As for political support, the initiative to create the Anti-Corruption Commission is part of the “Pacto por Mexico” (Pact for Mexico), a comprehensive and informal agreement between the main political parties for passing reforms that contribute to Mexico’s growth, competitiveness and development. So far, this Pact has achieved many and long overdue structural transformations to the country. In a year, the constitution has been modified several times (which requires a 2/3 majority and an approval by the legislatures of 17 states) to implement reforms to Mexico’s education, tax, telecommunications, finance and political systems. Amongst others, a national civil service for teachers was implemented, independent candidates can now compete against political parties, revenue tax has increased and become more progressive, and there is now more competition between the main TV networks. It seems that this political momentum will continue and widely support the creation of the Anti-Corruption Commission.
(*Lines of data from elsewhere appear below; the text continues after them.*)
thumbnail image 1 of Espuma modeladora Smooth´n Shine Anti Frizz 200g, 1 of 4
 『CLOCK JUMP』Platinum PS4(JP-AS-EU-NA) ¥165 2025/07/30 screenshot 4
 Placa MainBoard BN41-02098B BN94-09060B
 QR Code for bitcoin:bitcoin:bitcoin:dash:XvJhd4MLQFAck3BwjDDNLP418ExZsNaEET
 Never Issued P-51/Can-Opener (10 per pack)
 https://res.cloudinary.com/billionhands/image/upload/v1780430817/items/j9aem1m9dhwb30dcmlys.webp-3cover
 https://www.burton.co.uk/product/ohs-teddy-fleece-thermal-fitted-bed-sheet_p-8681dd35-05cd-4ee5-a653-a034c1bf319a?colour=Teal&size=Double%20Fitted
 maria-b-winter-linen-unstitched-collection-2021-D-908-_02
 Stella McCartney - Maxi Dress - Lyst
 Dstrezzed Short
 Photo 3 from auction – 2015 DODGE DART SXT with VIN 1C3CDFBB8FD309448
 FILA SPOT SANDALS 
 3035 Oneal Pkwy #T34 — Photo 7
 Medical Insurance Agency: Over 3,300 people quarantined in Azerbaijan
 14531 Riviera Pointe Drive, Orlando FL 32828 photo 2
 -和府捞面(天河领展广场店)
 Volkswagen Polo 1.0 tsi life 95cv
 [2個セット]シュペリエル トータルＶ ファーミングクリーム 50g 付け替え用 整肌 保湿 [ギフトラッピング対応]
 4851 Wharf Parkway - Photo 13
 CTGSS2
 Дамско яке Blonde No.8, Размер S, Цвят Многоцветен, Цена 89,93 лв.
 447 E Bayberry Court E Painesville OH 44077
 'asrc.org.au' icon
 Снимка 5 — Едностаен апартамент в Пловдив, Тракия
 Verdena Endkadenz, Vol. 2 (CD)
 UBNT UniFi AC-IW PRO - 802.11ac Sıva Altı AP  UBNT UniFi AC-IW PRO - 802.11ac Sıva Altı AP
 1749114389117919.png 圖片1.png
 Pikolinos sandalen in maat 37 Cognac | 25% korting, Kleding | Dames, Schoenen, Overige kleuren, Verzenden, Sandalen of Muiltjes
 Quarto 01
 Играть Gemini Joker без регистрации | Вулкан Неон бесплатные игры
In addition, creating and Anti-Corruption Commission alone does not solve the problem of corruption. It success also depends on its independence and the political system where it operates. Doig et al (2005) warn against the “Icarus Paradox” of Anti-Corruption commissions whereby agencies that get to close to the sun can become victims of their own success.  Anti-corruption agencies must be shielded from its foes and from political pressures. Moreover, agencies must operate in an enabling environment. As a forthcoming paper argues, Mexico’s new Anti-Corruption Commission faces a weak judiciary, an under-developed legal system, and the lack of coordination in Mexico’s federal system (Lara-Otaola, Miguel Tromme, Matthieu, 2014). These are not easy challenges and need to be addressed in the design of the new agency but also in reforming other institutions and systems needed for effective tackling of corruption.

 

References

­­­Doig Alan, Watt, David, Williams, Robert, (2005), ‘Measuring ‘Success’ in Five Africa Anti-Corruption Commissions. The Cases of Ghana, Malawi, Tanzania, Uganda and Zambia’, U4 Research Report, Bergen: Chr. Michelsen Institute

Lara-Otaola, Tromme, Mathieu (2014). ‘Enrique Peña Nieto’s National Anti-Corruption Commission and the challenges for waging war against corruption in Mexico’, Forthcoming, 2014.